I grab her hand in greeting, and pull her into an embrace. She strokes my back and asks me how I've been.

The little ones congregate around my interruption. The younger two teeter on fledging legs, as sweetly as their mother investigates my well-being.

I tell her, "Enough about me."

She tells me she is expecting a fourth child. She is perhaps twenty-five now. She shows no signs of distress or irritation. Only gratitude, as she pulls strawberries from her insulated lunchbox, to feed her youngest child. His tiny mouth envelopes the strawberries' sweetness, until moments later when he releases its undigested pulp into her hands.

"Hold on," as I reach into my designer tote and pull out a compact of neatly-folded tissues. I hand them to her one by one until the last one swipes his red mouth to pale pink.

"Oh! I'm so sorry I've used all of your napkins!" she says. Her voice is like purity of newly settled snow.

I laugh in both horror and insouciance.

As if on cue, her daughter returns from a jaunt in the playsand, requesting her younger brothers' fruit. My friend pulls her keys out and makes her way towards her husband's car, atop the hill. I grab the keys from her hand. I insist on going for her. She is in her first trimester of pregnancy. She has three young children clamoring for her attention. My children are inside the school. I am free. She acquiesces at first. Follows me. I turn around and smile at her.

"Please," I beg. "Please. I'll do it."

She thanks me, as though I've just disembarked on a journey of days for her.

When it's time for me to leave, she says that she also has to head towards the school. She is meeting someone else inside. She grabs her bags and her children, both in triples, and heads towards the hill. I stop, grab the pile of napkins she has set at the edge of the picnic table, a contemporary scultpure of red, brown and white.

She retreats in horror. "Oh... I can't believe I did that! You can't do that. I'm so sorry," she says, embarassed.

I'm so humbled by her.

I walk the trash to its place, and meet her at her car. She fights the children for her keys, the embattled keyhole bearing the scars of a constant war. The toddler is placed in a lightweight stroller. She hangs two bags on her shoulders. I hug her again, tell her to take care of herself, not to work herself too hard. I tell her I'll call her for a visit to her house. Keep her company while her husband is at work.

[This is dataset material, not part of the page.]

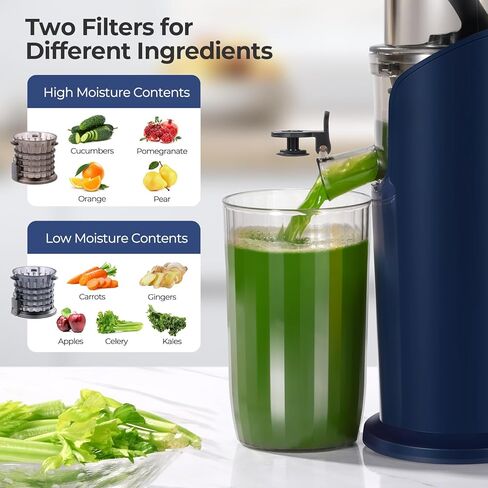Narcissus Cold Press Juicer, Compact Slow Masticating Juicer Machines with 3-inch Large Feed Chute, Small Juicer Machines for Vegetable and Fruit, Easy To Clean with Brush, 2 Filters, BPA Free, 150W in Kuwait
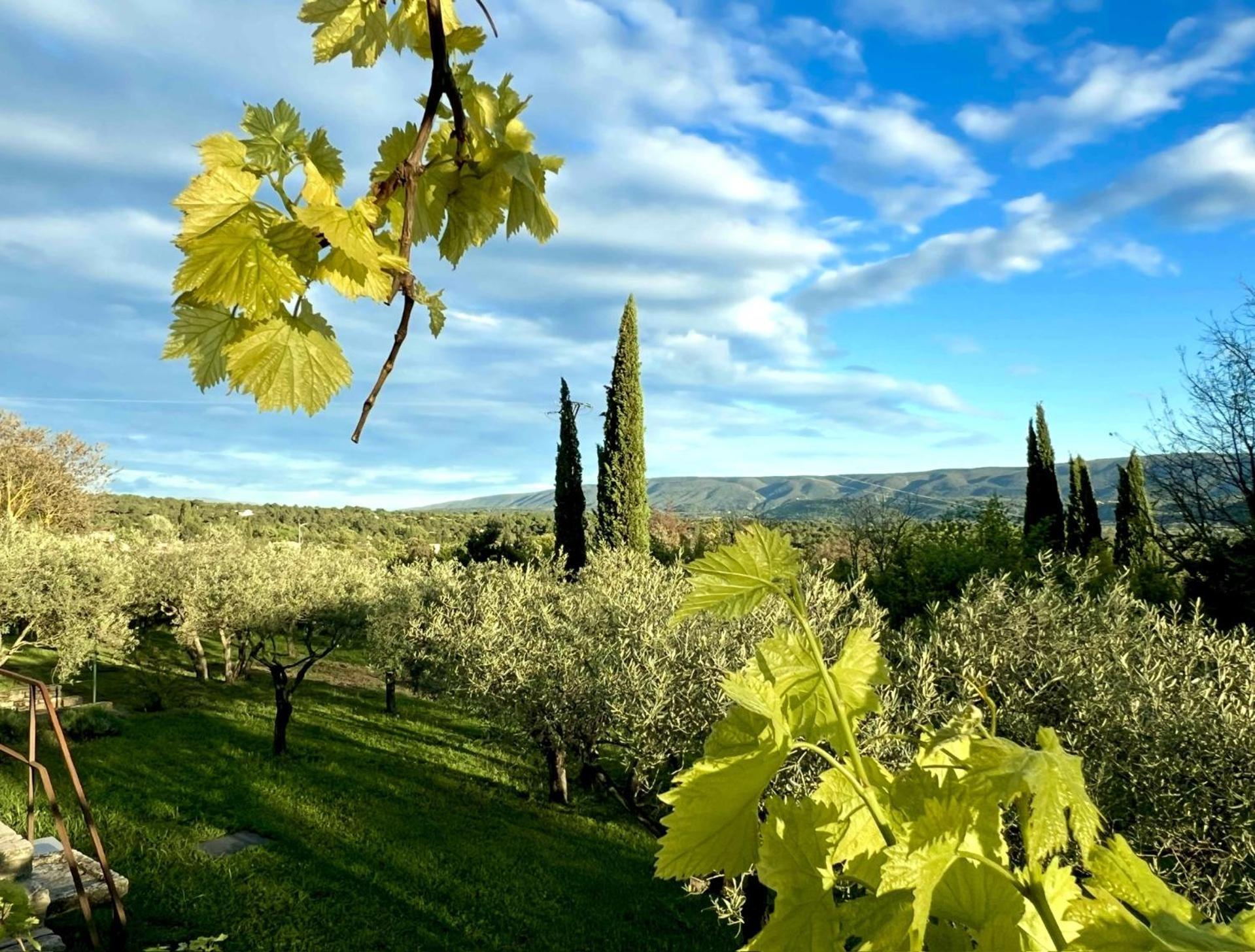 Provence Km28 Gordes Exterior foto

"May you be rewarded with what is best. Thank you," she tells me. "You are always there to help me."

"Please don't say that," I retort, as I think about the countless times I have let her down. I'm embarassed by her gratitude, and would ask for a rescindment if I knew that it would not insult her.

She walks away. Her children scurry towards the school buses parked in parallel lines on the lot. She follows them with the stroller, the wheels squeaking with every revolution.

I beep my cars doors open, slide into the warm seat, turn the key in the ignition. Sunroof open. NPR broadcasting. I pass her along the way, standing by the buses.

She is perhaps the richest woman I know.